Hybrid architecture combining NVIDIA Riva Conformer-CTC for real-time streaming ASR with an AWS serverless backend for secure, chunked audio storage and session management.
https://github.com/davidbmar/transcriber-2-pass-riva-conformer-cf-s3-lambda-cognito-adapter-2025-10-14 · public · shipped
A production-grade speech recognition system that splits processing into two paths: a low-latency WebSocket bridge to an NVIDIA Riva GPU instance for immediate transcription, and a robust AWS serverless API (Lambda + S3 + Cognito) for storing raw audio chunks, managing sessions, and finalizing recordings.
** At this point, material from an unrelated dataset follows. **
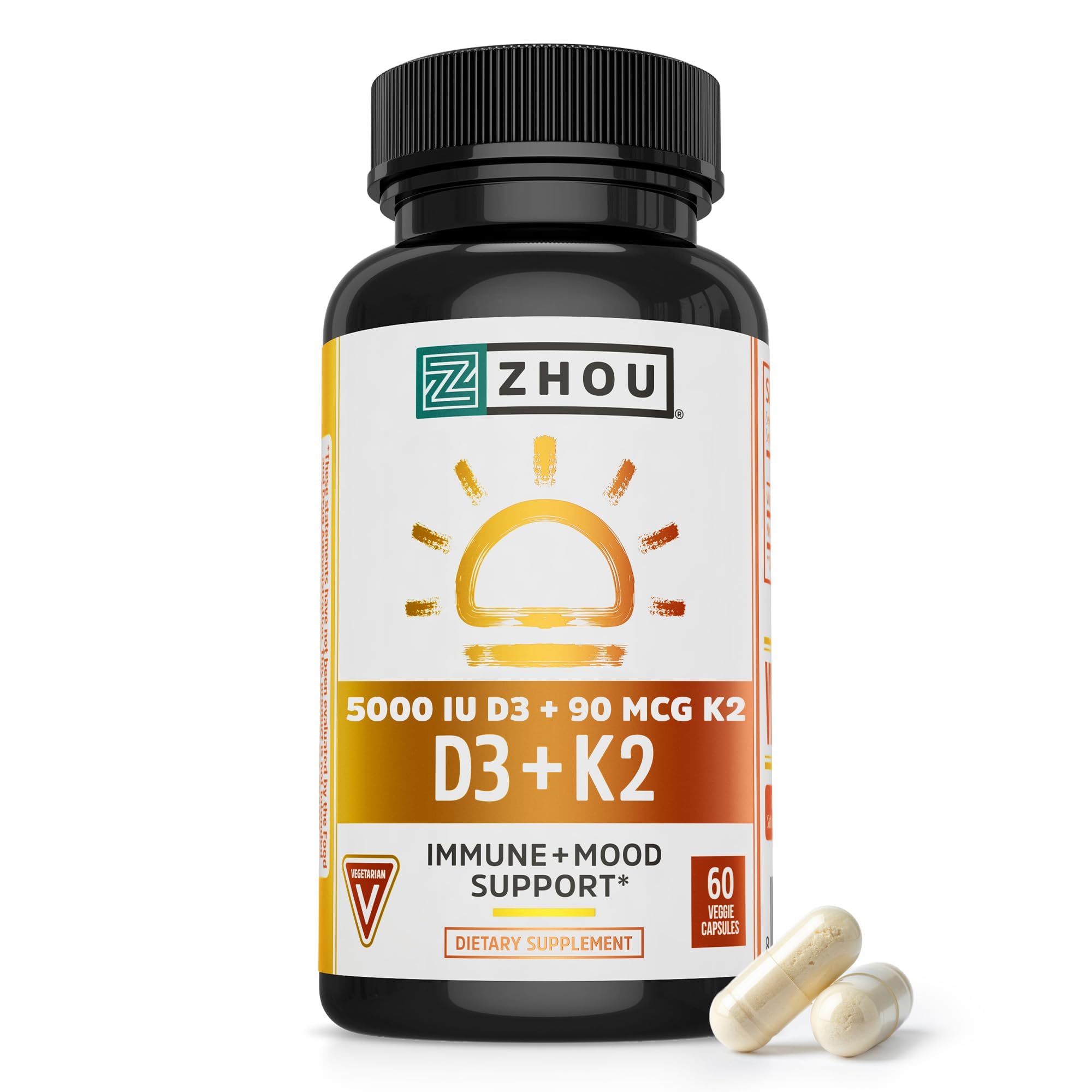 ZHOU front packaging showing supplement bottle and clear label benefit clarity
It bridges the gap between real-time user experience and reliable cloud storage.
git clone https://github.com/davidbmar/transcriber-2-pass-riva-conformer-cf-s3-lambda-cognito-adapter-2025-10-14 cd transcriber-2-pass-riva-conformer-cf-s3-lambda-cognito-adapter-2025-10-14 cp .env.example .env nano .env ./scripts/010-setup-build-box.sh aws configure ./scripts/020-deploy-gpu-instance.sh ./scripts/100-deploy-conformer-streaming.sh ./scripts/110-setup-websocket-bridge.sh ./scripts/120-setup-https-demo.sh echo "Open: https://$(curl -s ifconfig.me):8444"
flowchart TD
Browser[Browser Microphone] -->|WSS Audio Chunks| WS_Bridge[WebSocket Bridge :8443]
Browser -->|HTTPS API| API_GW[AWS API Gateway]
subgraph Build_Box [Build Box / EC2]
WS_Bridge -->|gRPC Streaming| Riva[RIVA 2.19 Conformer CTC]
Demo[HTTPS Demo UI :8444] --> Browser
end
subgraph AWS_Cloud [AWS Serverless Backend]
API_GW --> Auth[Cognito Authorizer]
Auth --> Lambda[Lambda Functions]
Lambda -->|Presign/Store| S3[(S3 Bucket)]
Lambda -->|Manifest| S3
end
Riva -.->|Transcription Text| Browser
The system uses Shell scripts for infrastructure provisioning (EC2 g4dn instances, NVIDIA drivers, Docker). The real-time path uses a Python WebSocket-to-gRPC bridge connecting browsers to Riva. The storage path uses TypeScript AWS Lambda functions behind API Gateway, authenticated via Amazon Cognito JWTs, storing audio chunks in S3 with presigned URLs and maintaining session manifests.
sequenceDiagram
participant User as Browser
participant API as API Gateway/Lambda
participant S3 as S3 Storage
participant WS as WebSocket Bridge
participant Riva as NVIDIA Riva GPU
Note over User, Riva: Session Setup & Upload
User->>API: POST /sessions (Create Session)
API->>User: Return sessionId & basePrefix
loop For each audio chunk
User->>API: POST /chunks/presign
API->>User: Return Presigned PUT URL
User->>S3: PUT Audio Chunk (Direct)
User->>API: POST /chunks/complete
API->>S3: Verify Object Exists
API->>S3: Update Manifest
end
Note over User, Riva: Real-time Transcription
User->>WS: Connect WSS
WS->>Riva: Init gRPC Streaming
loop Streaming Audio
User->>WS: Send Audio Chunk
WS->>Riva: Stream Audio Data
Riva->>WS: Return Partial Transcript
WS->>User: Push Transcript
end
User->>API: POST /sessions/{id}/finalize
API->>S3: Seal Manifest
API->>User: Session Finalized
Use this when you need both instant transcription feedback for users and a permanent, searchable archive of the original audio. Ideal for meeting assistants, call center analytics, or medical dictation where latency matters but data integrity and security are paramount.